What this task involves:
What you return should be only the lines in the entries below between the one holding "Roland Home Textiles" and the one holding "Lithographie Neuhaldensleben, Rathaus, Goldschmied", ends included, with every picture left out.

Dataset excerpts:
========

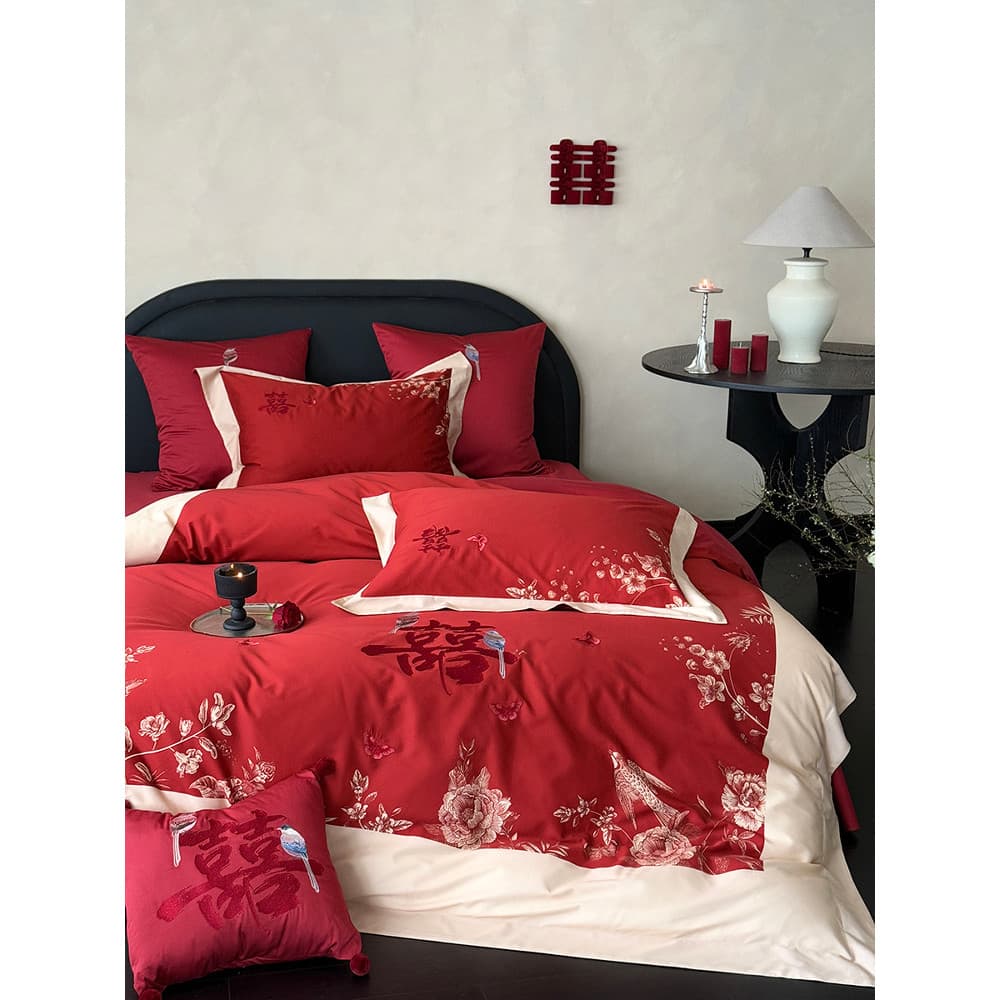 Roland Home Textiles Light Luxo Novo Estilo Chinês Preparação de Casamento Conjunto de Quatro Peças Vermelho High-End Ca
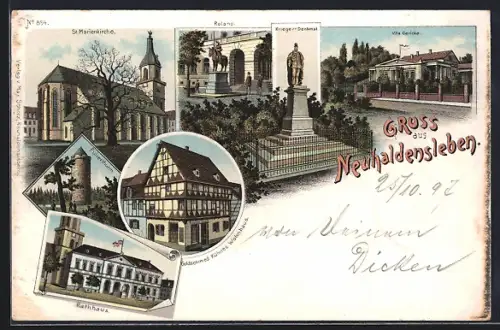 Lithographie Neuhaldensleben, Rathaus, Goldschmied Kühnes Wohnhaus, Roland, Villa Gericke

========

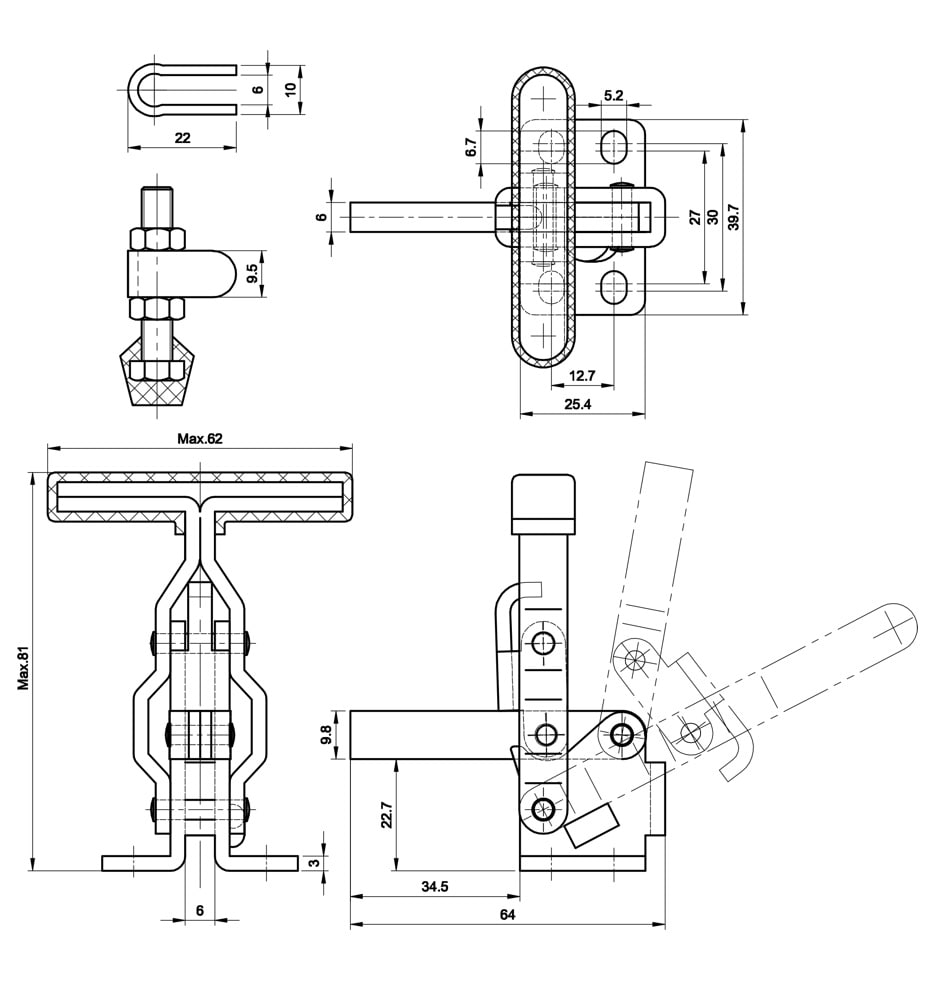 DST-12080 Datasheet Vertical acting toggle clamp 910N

========

Answer:
 Roland Home Textiles Light Luxo Novo Estilo Chinês Preparação de Casamento Conjunto de Quatro Peças Vermelho High-End Ca
 Lithographie Neuhaldensleben, Rathaus, Goldschmied Kühnes Wohnhaus, Roland, Villa Gericke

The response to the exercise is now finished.